- Opening Delimiter -

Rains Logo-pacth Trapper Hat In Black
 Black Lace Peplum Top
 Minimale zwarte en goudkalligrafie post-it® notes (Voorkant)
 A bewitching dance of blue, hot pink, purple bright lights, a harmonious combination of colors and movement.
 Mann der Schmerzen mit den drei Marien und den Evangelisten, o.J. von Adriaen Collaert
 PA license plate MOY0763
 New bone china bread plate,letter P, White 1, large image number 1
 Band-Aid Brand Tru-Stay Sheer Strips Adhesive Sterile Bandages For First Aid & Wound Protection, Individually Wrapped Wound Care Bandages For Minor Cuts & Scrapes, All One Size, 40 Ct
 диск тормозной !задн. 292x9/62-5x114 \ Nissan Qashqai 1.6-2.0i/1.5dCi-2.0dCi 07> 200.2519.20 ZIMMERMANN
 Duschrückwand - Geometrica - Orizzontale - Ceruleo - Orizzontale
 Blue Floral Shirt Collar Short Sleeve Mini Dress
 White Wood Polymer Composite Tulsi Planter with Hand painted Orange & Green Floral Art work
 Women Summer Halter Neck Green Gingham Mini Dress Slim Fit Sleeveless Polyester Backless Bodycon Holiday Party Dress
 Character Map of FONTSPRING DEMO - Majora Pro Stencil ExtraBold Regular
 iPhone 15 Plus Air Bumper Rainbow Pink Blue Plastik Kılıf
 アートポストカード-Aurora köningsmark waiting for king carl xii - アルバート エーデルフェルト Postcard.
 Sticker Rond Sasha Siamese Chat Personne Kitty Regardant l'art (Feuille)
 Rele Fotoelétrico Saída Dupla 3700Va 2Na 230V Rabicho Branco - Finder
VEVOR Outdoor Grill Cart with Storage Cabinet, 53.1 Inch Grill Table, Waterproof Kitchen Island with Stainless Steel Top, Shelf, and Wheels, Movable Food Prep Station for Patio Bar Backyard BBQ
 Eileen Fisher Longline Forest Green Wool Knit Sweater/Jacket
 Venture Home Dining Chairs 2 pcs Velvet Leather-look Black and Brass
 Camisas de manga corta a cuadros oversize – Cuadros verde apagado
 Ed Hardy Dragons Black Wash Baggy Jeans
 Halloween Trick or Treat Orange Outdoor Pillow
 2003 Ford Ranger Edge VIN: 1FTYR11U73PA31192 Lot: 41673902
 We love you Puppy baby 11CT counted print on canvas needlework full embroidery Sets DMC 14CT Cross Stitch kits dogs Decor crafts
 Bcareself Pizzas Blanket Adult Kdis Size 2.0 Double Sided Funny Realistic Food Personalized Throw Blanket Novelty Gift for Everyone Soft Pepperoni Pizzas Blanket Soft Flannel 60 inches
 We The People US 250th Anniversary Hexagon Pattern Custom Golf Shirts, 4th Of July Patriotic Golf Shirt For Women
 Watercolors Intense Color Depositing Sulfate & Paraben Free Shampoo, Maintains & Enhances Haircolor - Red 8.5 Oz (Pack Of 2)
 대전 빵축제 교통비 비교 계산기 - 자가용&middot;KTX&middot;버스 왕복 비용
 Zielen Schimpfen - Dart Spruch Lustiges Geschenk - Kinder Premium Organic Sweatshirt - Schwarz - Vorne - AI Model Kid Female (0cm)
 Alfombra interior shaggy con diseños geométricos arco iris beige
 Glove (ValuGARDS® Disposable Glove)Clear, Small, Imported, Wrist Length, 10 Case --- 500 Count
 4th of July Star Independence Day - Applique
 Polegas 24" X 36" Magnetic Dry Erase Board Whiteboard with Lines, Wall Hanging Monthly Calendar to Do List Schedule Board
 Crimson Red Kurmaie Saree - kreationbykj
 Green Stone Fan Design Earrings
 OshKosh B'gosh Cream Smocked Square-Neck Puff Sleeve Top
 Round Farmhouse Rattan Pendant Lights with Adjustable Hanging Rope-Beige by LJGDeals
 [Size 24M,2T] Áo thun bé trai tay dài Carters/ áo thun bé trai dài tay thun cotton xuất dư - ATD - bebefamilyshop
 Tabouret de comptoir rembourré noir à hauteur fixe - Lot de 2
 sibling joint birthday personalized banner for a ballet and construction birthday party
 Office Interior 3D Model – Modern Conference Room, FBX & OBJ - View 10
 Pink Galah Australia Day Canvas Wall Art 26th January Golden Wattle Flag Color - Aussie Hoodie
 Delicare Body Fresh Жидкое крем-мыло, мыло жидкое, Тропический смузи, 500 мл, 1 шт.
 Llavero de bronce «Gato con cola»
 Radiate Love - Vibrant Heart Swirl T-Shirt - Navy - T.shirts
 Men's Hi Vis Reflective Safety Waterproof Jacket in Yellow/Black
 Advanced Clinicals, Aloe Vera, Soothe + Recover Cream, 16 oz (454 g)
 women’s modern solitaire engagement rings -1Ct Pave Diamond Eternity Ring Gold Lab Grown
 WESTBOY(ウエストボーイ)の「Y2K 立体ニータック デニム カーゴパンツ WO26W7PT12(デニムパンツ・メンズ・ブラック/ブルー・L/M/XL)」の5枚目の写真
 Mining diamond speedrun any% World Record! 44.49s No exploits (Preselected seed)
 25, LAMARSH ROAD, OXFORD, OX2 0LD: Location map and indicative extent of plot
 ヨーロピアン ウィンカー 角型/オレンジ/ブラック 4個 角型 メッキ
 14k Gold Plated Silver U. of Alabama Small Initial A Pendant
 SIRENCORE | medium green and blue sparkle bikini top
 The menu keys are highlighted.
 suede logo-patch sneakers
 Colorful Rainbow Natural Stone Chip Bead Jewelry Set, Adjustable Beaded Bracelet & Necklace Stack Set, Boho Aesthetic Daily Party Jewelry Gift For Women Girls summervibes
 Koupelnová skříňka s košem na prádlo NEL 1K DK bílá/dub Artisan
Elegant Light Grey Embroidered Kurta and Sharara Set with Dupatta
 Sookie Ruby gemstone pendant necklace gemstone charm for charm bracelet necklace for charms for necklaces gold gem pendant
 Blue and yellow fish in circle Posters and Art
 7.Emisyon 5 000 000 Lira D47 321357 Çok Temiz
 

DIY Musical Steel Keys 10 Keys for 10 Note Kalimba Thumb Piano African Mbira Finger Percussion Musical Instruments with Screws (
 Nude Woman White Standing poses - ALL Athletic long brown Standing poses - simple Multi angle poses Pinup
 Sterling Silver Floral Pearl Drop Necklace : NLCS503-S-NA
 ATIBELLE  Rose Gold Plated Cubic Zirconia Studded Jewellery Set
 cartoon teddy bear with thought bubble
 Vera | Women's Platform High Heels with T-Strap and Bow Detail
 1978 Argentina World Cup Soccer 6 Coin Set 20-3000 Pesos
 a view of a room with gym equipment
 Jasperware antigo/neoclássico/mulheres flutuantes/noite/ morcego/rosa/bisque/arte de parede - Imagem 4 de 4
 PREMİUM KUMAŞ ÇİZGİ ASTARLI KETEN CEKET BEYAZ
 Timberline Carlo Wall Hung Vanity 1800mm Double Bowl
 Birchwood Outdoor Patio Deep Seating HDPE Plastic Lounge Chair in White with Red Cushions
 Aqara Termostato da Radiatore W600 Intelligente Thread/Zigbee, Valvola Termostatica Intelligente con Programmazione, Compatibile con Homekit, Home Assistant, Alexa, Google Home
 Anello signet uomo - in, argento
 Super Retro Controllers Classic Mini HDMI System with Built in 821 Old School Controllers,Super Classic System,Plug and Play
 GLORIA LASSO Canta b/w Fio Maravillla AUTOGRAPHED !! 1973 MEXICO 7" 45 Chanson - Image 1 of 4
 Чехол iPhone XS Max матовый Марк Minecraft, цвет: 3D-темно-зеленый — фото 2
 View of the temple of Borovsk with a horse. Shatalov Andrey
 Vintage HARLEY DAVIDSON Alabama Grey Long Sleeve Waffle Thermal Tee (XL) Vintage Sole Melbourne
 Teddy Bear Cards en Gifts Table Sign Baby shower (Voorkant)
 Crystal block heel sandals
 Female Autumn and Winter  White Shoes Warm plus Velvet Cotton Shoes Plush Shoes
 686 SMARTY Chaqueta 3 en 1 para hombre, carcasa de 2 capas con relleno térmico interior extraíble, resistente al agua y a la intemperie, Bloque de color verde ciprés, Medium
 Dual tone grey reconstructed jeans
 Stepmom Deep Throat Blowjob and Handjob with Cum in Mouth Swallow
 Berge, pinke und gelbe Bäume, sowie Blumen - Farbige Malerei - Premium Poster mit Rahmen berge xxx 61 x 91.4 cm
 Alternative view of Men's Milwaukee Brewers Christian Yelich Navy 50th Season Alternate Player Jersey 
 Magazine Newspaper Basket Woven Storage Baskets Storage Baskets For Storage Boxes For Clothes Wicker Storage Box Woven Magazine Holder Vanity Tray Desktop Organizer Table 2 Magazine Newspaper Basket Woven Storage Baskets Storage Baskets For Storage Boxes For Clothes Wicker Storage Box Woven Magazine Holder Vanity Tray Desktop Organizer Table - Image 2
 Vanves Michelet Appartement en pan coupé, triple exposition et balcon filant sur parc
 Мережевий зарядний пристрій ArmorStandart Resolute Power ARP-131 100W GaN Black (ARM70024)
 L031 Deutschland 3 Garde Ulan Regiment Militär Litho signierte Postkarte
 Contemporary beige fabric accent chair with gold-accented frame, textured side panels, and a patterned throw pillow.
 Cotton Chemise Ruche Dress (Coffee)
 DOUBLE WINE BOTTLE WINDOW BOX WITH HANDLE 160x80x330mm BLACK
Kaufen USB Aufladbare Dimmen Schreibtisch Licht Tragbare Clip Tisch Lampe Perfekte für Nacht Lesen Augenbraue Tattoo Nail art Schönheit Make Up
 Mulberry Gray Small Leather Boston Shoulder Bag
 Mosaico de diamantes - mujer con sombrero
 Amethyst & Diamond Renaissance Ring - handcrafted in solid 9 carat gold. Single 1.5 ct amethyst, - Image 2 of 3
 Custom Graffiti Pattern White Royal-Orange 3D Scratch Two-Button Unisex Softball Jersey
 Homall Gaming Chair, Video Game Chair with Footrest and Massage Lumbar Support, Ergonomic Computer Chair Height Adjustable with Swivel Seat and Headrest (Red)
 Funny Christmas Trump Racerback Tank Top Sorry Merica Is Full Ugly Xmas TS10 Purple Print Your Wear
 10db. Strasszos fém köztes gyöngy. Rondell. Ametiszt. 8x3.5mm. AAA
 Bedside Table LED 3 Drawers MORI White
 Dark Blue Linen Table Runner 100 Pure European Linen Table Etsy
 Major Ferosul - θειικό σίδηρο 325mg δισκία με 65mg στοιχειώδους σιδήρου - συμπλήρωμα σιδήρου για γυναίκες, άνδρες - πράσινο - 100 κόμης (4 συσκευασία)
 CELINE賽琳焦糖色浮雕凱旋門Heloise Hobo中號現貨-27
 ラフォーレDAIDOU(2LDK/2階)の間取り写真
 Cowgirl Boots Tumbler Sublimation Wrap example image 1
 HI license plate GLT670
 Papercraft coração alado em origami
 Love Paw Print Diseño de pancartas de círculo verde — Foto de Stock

- Closing Delimiter -

§ **TASK OBJECTIVE**
Quote, with nothing altered, all lines from the start of the entries to the line that carries "2003 Ford Ranger", inclusive.

§ **TASK RESPONSE**
Rains Logo-pacth Trapper Hat In Black
 Black Lace Peplum Top
 Minimale zwarte en goudkalligrafie post-it® notes (Voorkant)
 A bewitching dance of blue, hot pink, purple bright lights, a harmonious combination of colors and movement.
 Mann der Schmerzen mit den drei Marien und den Evangelisten, o.J. von Adriaen Collaert
 PA license plate MOY0763
 New bone china bread plate,letter P, White 1, large image number 1
 Band-Aid Brand Tru-Stay Sheer Strips Adhesive Sterile Bandages For First Aid & Wound Protection, Individually Wrapped Wound Care Bandages For Minor Cuts & Scrapes, All One Size, 40 Ct
 диск тормозной !задн. 292x9/62-5x114 \ Nissan Qashqai 1.6-2.0i/1.5dCi-2.0dCi 07> 200.2519.20 ZIMMERMANN
 Duschrückwand - Geometrica - Orizzontale - Ceruleo - Orizzontale
 Blue Floral Shirt Collar Short Sleeve Mini Dress
 White Wood Polymer Composite Tulsi Planter with Hand painted Orange & Green Floral Art work
 Women Summer Halter Neck Green Gingham Mini Dress Slim Fit Sleeveless Polyester Backless Bodycon Holiday Party Dress
 Character Map of FONTSPRING DEMO - Majora Pro Stencil ExtraBold Regular
 iPhone 15 Plus Air Bumper Rainbow Pink Blue Plastik Kılıf
 アートポストカード-Aurora köningsmark waiting for king carl xii - アルバート エーデルフェルト Postcard.
 Sticker Rond Sasha Siamese Chat Personne Kitty Regardant l'art (Feuille)
 Rele Fotoelétrico Saída Dupla 3700Va 2Na 230V Rabicho Branco - Finder
VEVOR Outdoor Grill Cart with Storage Cabinet, 53.1 Inch Grill Table, Waterproof Kitchen Island with Stainless Steel Top, Shelf, and Wheels, Movable Food Prep Station for Patio Bar Backyard BBQ
 Eileen Fisher Longline Forest Green Wool Knit Sweater/Jacket
 Venture Home Dining Chairs 2 pcs Velvet Leather-look Black and Brass
 Camisas de manga corta a cuadros oversize – Cuadros verde apagado
 Ed Hardy Dragons Black Wash Baggy Jeans
 Halloween Trick or Treat Orange Outdoor Pillow
 2003 Ford Ranger Edge VIN: 1FTYR11U73PA31192 Lot: 41673902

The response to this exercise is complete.